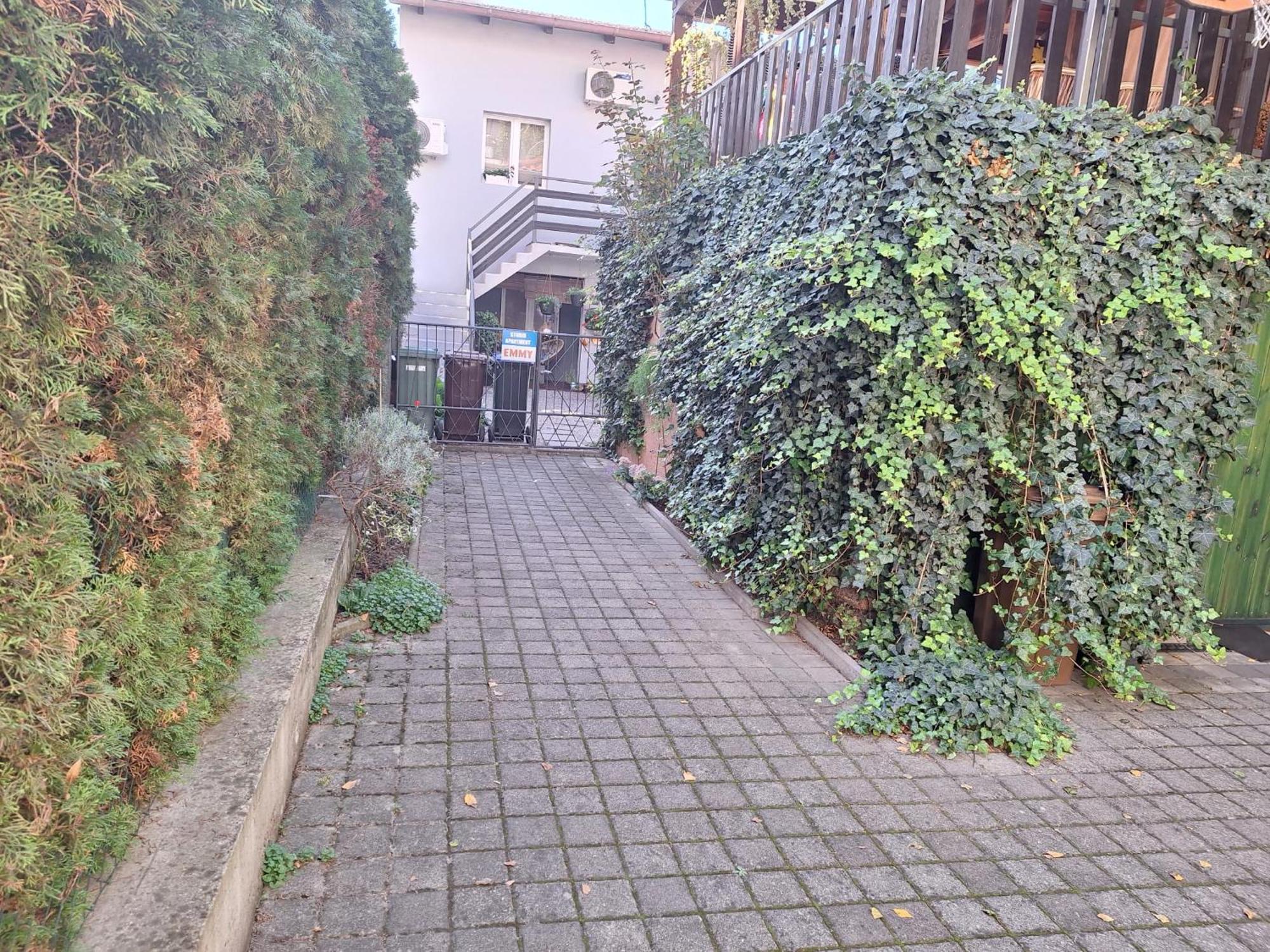 New Studio Apartment Emmy With Free Street Parking Zagreb Ngoại thất bức ảnh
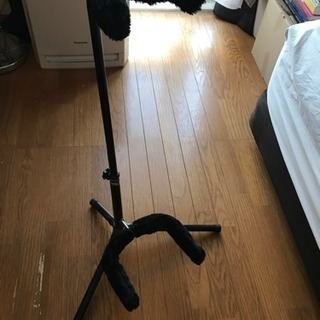 ギタースタンド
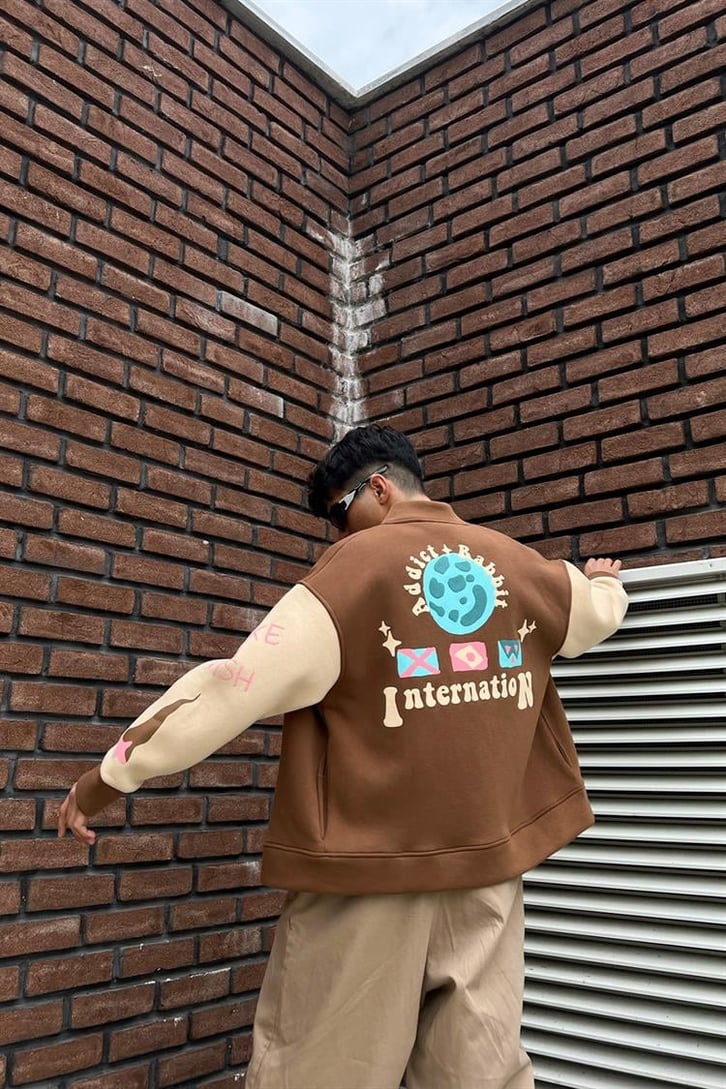 Internation Baskılı Kahverengi Kolej Ceket
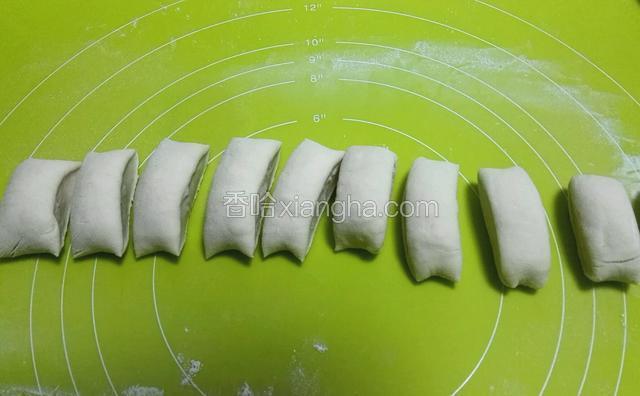 把面团搓成长条，切块
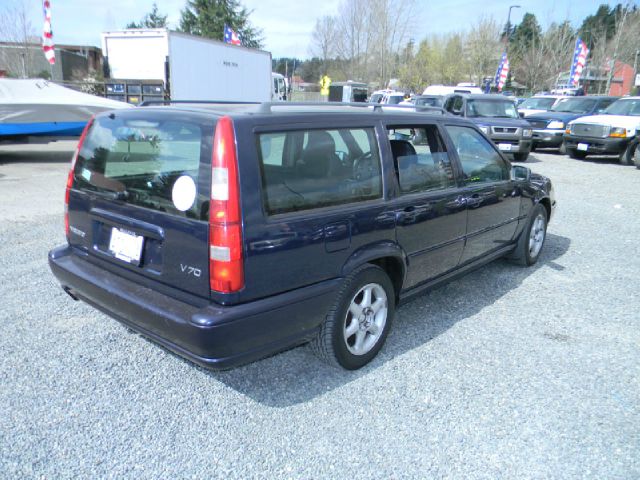 Volvo V70 1998 photo 8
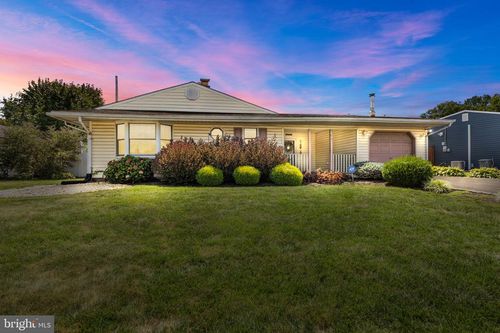 98 Pinewood Dr, LEVITTOWN, PA, 19054-3610 | Card Image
----
AIM OF THE EXERCISE —
Reproduce every record in full. Leave out the images.

FINISHED EXERCISE —
 New Studio Apartment Emmy With Free Street Parking Zagreb Ngoại thất bức ảnh
 ギタースタンド
 Internation Baskılı Kahverengi Kolej Ceket
 把面团搓成长条，切块
 Volvo V70 1998 photo 8
 98 Pinewood Dr, LEVITTOWN, PA, 19054-3610 | Card Image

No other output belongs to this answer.